Material provided:
☆ ☆ ☆

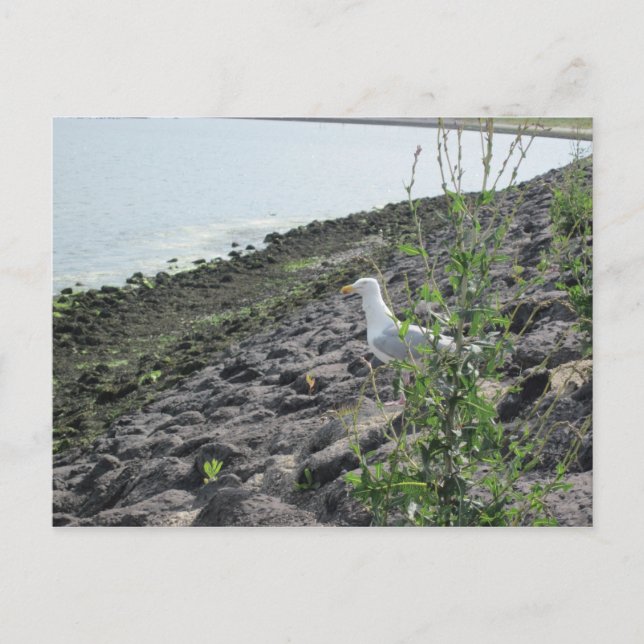 Möve Vykort (Framsida)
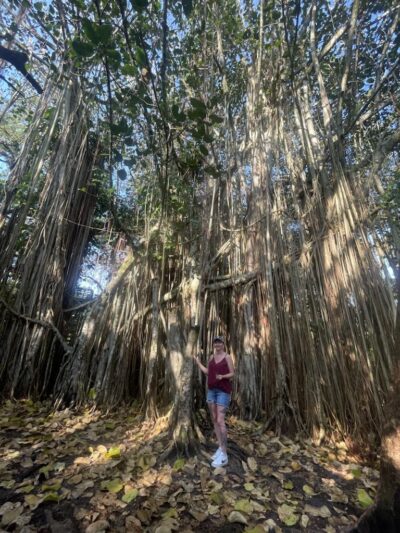 Tree Tops Park - Davie, FL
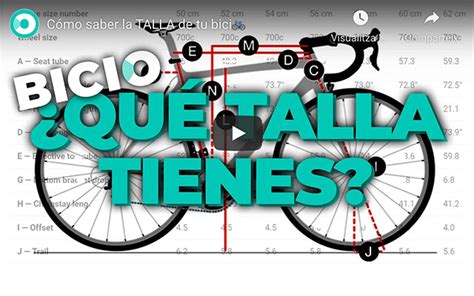 C Mo Saber La Talla De Bicicleta Gu A Para Una Correcta Elecci N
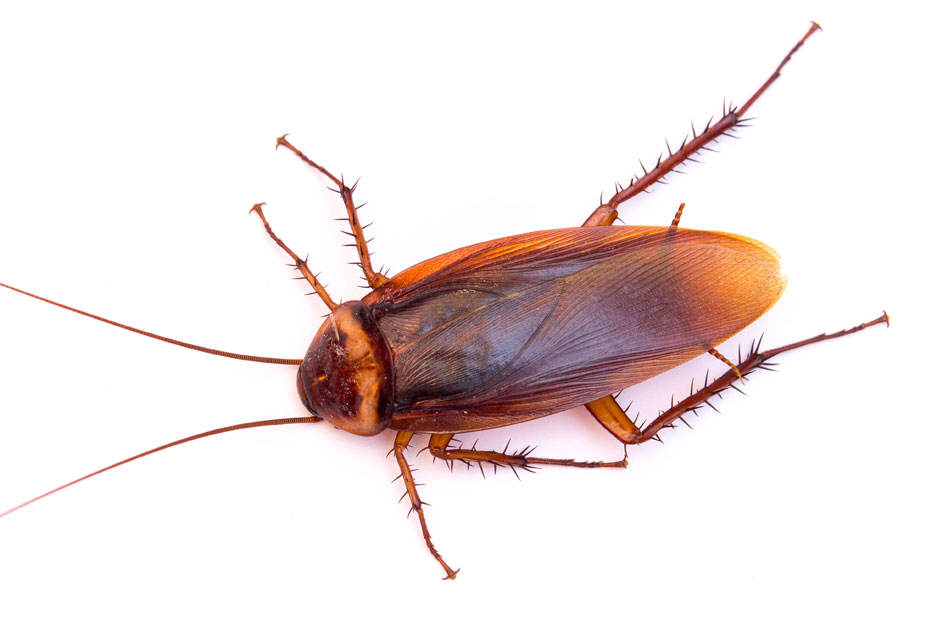How To Identify Different Roach Species | Evans Pest Control |  Philadelphia's Trusted Exterminator | 267-582-2687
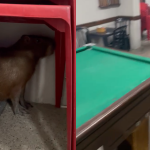 Vídeo: capivara é resgatada em mesa de bar no interior de Minas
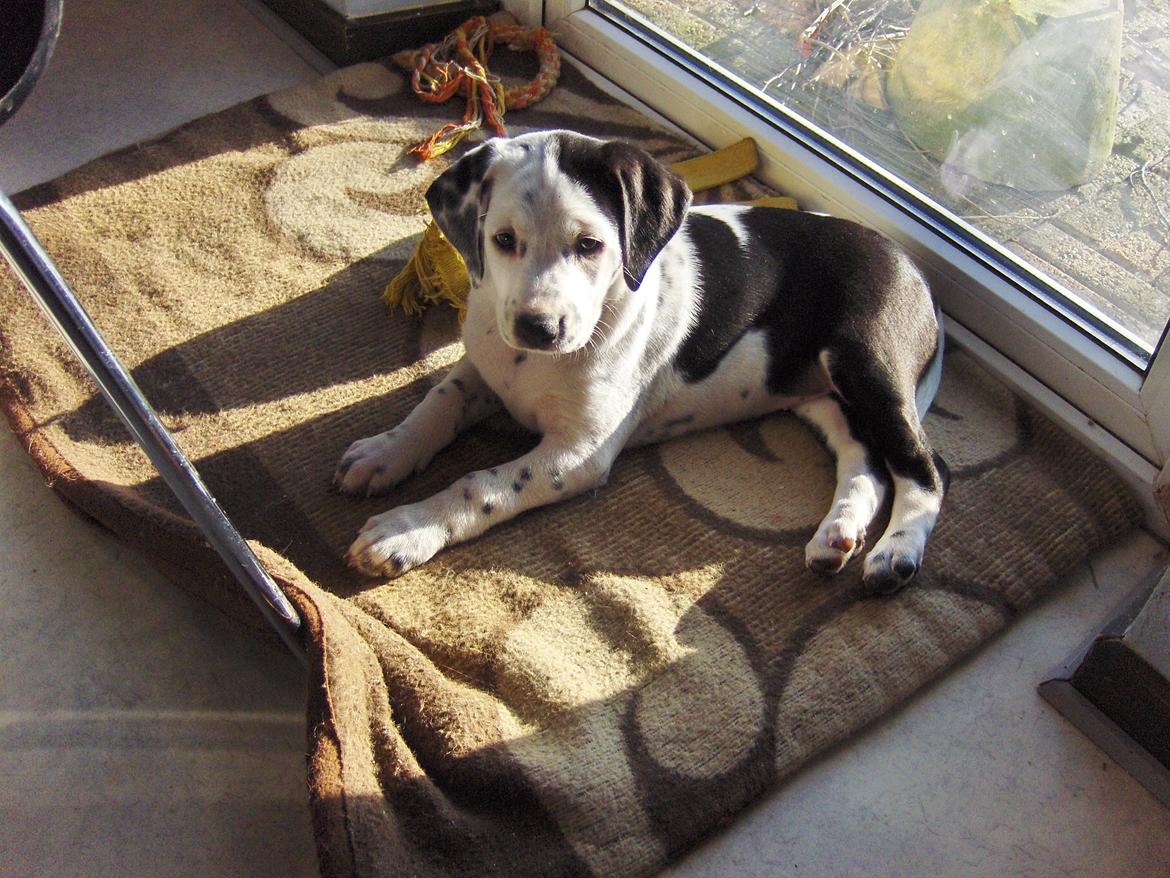 Blanding af racer Pixie (Miss Piggy) - Min ynglings plads, ved døren i solen. billede 14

☆ ☆ ☆

Action item: A picture-free version of all the records, repeated exactly, is what to return.

Reply to the exercise:
 Möve Vykort (Framsida)
 Tree Tops Park - Davie, FL
 C Mo Saber La Talla De Bicicleta Gu A Para Una Correcta Elecci N
How To Identify Different Roach Species | Evans Pest Control |  Philadelphia's Trusted Exterminator | 267-582-2687
 Vídeo: capivara é resgatada em mesa de bar no interior de Minas
 Blanding af racer Pixie (Miss Piggy) - Min ynglings plads, ved døren i solen. billede 14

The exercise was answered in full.